▶ Directions for this task: Every line of the records below from the line with "瀚江企業社 - 案場：建案透天厝" up to and including the line with "Dos impresentables le" must be reproduced exactly, and no line outside that range.
Source material Block Start
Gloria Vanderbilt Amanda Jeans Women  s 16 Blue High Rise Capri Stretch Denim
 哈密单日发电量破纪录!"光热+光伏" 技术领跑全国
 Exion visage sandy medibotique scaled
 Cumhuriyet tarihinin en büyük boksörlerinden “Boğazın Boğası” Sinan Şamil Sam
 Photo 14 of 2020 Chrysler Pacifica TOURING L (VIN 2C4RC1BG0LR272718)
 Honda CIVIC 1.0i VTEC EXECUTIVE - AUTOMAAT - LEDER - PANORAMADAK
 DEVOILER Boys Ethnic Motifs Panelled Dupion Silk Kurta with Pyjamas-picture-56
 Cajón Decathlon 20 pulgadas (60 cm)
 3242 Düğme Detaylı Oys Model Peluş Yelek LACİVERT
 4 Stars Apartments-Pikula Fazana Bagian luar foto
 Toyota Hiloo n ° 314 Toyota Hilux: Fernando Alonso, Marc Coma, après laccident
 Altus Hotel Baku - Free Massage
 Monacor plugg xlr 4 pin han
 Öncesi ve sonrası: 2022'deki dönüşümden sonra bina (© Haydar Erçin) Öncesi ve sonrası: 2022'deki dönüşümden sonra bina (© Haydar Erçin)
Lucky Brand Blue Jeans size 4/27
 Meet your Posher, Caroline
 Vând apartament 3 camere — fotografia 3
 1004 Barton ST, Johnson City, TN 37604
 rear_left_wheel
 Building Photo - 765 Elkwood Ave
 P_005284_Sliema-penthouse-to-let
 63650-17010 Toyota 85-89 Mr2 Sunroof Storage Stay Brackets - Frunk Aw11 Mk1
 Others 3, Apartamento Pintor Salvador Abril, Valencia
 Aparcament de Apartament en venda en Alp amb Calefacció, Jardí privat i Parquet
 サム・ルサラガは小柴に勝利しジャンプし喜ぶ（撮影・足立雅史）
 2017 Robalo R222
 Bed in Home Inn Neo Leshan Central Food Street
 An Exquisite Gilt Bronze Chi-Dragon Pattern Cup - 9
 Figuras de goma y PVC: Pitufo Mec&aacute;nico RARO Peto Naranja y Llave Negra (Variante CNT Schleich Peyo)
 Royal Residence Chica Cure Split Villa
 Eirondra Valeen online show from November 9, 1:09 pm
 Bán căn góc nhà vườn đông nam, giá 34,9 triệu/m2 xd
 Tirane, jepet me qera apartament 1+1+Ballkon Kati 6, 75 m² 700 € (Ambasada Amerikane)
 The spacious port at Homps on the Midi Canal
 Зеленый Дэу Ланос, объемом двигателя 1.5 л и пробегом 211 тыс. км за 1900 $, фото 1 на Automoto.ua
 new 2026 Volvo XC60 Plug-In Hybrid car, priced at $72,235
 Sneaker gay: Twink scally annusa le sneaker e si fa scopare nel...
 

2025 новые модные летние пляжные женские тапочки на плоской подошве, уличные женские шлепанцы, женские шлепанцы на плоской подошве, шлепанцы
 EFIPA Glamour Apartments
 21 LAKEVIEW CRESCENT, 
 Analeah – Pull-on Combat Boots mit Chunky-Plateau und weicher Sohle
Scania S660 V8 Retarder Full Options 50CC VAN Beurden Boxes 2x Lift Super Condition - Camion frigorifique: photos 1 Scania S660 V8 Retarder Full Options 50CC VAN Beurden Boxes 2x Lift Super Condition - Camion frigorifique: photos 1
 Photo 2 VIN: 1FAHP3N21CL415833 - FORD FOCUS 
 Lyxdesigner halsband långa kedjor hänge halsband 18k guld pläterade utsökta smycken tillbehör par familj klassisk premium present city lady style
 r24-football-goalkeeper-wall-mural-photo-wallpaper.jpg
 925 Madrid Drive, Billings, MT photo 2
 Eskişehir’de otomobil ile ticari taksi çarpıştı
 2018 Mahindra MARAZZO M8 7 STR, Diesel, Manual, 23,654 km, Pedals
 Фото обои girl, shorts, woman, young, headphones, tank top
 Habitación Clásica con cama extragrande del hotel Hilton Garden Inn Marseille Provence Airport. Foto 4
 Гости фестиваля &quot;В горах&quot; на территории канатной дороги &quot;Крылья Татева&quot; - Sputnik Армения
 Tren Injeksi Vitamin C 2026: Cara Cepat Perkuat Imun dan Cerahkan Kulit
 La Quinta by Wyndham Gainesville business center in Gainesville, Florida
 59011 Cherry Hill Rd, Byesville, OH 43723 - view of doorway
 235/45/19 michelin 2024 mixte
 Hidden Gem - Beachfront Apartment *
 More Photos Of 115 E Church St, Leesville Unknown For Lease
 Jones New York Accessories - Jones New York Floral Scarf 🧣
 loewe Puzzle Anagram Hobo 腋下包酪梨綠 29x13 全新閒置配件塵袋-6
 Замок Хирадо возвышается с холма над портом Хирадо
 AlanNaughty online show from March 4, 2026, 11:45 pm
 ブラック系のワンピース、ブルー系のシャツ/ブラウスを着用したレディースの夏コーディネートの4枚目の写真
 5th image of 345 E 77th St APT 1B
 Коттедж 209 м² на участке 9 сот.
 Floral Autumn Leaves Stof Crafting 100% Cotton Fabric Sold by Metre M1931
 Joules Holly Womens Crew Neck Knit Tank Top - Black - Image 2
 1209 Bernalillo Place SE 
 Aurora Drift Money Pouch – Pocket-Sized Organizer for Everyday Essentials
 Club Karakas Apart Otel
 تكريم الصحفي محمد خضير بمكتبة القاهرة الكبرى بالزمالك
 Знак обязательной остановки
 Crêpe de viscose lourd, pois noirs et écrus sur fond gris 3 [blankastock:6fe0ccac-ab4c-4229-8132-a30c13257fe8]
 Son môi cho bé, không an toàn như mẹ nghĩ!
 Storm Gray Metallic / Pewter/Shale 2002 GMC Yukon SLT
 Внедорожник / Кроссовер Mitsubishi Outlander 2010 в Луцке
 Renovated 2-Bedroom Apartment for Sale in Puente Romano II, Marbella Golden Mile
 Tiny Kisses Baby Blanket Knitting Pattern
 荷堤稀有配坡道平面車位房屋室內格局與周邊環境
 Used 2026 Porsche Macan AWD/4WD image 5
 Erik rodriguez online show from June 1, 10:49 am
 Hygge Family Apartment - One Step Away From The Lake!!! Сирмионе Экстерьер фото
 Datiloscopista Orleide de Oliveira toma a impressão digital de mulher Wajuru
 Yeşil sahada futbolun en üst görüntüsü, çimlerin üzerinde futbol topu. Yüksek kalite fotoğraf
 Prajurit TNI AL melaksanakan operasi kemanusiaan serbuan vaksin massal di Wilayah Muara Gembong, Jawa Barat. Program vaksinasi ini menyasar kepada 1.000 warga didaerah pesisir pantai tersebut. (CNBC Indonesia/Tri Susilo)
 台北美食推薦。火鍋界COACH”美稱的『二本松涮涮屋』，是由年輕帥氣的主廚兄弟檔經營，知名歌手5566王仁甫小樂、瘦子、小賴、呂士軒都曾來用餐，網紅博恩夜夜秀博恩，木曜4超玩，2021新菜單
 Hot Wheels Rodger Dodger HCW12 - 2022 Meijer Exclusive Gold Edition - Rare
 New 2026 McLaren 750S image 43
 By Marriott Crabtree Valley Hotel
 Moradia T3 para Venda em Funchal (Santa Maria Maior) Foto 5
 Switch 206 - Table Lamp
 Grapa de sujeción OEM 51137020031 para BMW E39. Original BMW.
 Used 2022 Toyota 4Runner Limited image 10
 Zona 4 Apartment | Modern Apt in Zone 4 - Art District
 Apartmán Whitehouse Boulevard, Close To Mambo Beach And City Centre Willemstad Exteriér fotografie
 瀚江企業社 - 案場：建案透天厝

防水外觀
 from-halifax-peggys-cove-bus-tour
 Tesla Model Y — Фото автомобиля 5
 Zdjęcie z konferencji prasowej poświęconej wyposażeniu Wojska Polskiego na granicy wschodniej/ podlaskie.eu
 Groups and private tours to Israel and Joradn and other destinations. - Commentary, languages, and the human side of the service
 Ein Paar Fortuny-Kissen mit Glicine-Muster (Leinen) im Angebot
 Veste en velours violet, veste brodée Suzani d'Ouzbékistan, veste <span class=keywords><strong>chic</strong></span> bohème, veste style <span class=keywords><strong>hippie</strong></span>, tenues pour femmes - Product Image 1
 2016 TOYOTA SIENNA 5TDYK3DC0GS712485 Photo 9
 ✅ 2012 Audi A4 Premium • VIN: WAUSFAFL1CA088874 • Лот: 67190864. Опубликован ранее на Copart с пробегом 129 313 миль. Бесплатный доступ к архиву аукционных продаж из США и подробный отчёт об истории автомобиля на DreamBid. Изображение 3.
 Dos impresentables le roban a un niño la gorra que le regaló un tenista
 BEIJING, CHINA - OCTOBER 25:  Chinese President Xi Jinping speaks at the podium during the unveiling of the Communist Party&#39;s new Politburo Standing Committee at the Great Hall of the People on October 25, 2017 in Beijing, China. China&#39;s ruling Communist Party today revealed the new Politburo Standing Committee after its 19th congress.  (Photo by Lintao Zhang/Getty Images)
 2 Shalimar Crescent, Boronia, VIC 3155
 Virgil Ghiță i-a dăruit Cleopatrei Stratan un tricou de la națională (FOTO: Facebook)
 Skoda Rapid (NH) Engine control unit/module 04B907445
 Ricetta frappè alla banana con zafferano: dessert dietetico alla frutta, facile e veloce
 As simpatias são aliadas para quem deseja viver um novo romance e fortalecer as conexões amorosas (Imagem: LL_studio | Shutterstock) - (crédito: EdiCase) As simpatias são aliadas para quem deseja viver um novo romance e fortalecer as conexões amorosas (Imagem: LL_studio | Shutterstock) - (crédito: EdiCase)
Source material Block End
▶ Solution to the problem:
 瀚江企業社 - 案場：建案透天厝

防水外觀
 from-halifax-peggys-cove-bus-tour
 Tesla Model Y — Фото автомобиля 5
 Zdjęcie z konferencji prasowej poświęconej wyposażeniu Wojska Polskiego na granicy wschodniej/ podlaskie.eu
 Groups and private tours to Israel and Joradn and other destinations. - Commentary, languages, and the human side of the service
 Ein Paar Fortuny-Kissen mit Glicine-Muster (Leinen) im Angebot
 Veste en velours violet, veste brodée Suzani d'Ouzbékistan, veste <span class=keywords><strong>chic</strong></span> bohème, veste style <span class=keywords><strong>hippie</strong></span>, tenues pour femmes - Product Image 1
 2016 TOYOTA SIENNA 5TDYK3DC0GS712485 Photo 9
 ✅ 2012 Audi A4 Premium • VIN: WAUSFAFL1CA088874 • Лот: 67190864. Опубликован ранее на Copart с пробегом 129 313 миль. Бесплатный доступ к архиву аукционных продаж из США и подробный отчёт об истории автомобиля на DreamBid. Изображение 3.
 Dos impresentables le roban a un niño la gorra que le regaló un tenista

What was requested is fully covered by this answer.